Mr. Chair, members of the committee, thank you very much for inviting us. We welcome all efforts to clarify the role of public broadcasting.
With me today is Sylvain Lafrance, executive vice-president, French services; Richard Stursberg, executive vice-president of CBC television; and Jennifer McGuire, acting vice-president of CBC radio.
Let me get straight to the point. Canadians could be much better served by their broadcasting system and their public broadcaster.
The broadcasting environment is currently undergoing major changes. We believe this new environment requires a new agreement with Canadians. New ground rules must be established that take into account this new reality. However, I am pleased to confirm for you that CBC/Radio-Canada today is in excellent shape.

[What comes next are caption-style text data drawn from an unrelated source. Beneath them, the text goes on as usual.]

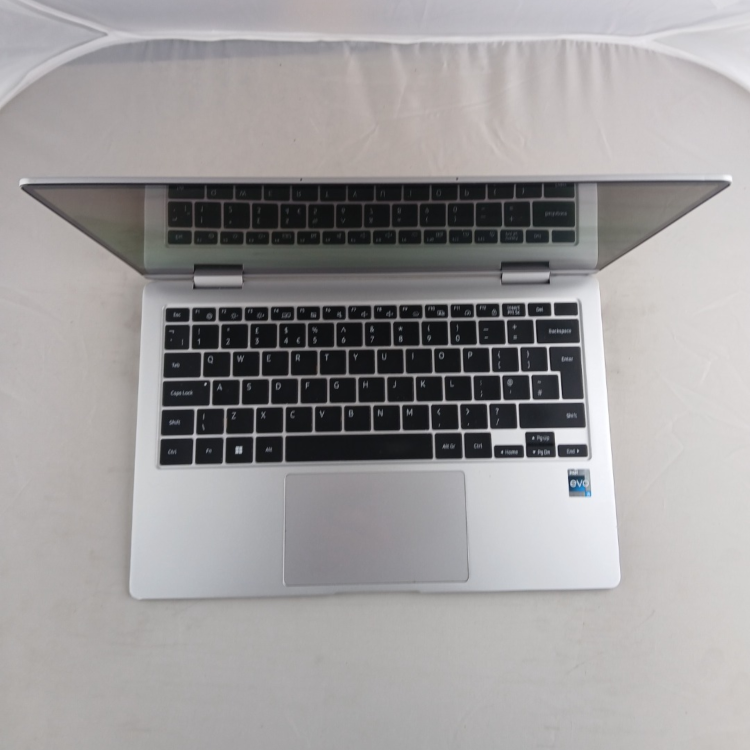 Refurbished Samsung 730QED Core i5-1235U 8GB RAM 256GB SSD 13.3 Inch Windows 11 Home Laptop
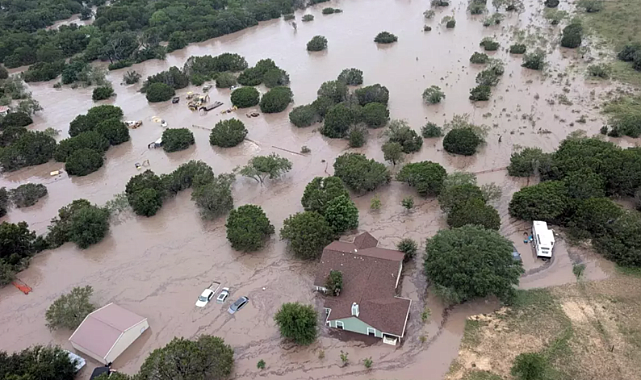 TEXAS'TAKİ SEL FELAKETİ: 109 ÖLÜ, 160 KAYIP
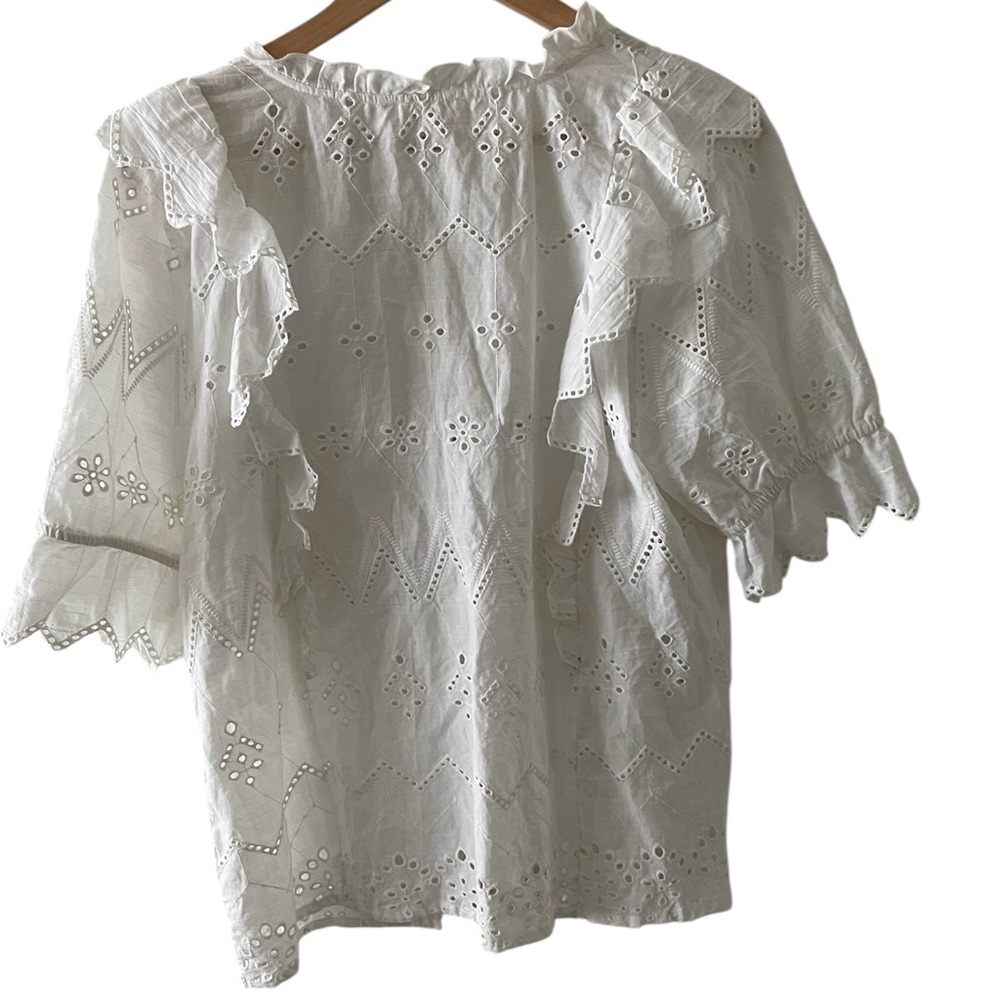 Jennifer & Grace White Eyelet Ruffle Blouse Size L - Picture 2 of 6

Let's start with the traditional media. For a decade now, our radio services have experienced sustained growth in both the size of their audience and the fidelity of their listeners. They have improved the quality of their programming and practically won the most prestigious broadcasting awards, not only in Canada, but also internationally.
Over the past four years, Radio-Canada television has achieved both public and critical success with such innovative programs as Les Bougon and Tout le monde en parle. This success has not gone unnoticed. It is not an accident that Radio-Canada is ranked the fourth most admired business by Quebeckers, according to a survey published by Commerce magazine in March of this year.
Radio-Canada television is approaching a difficult balancing point between programming for the general public and the programming of outstanding quality that is expected from a public broadcaster.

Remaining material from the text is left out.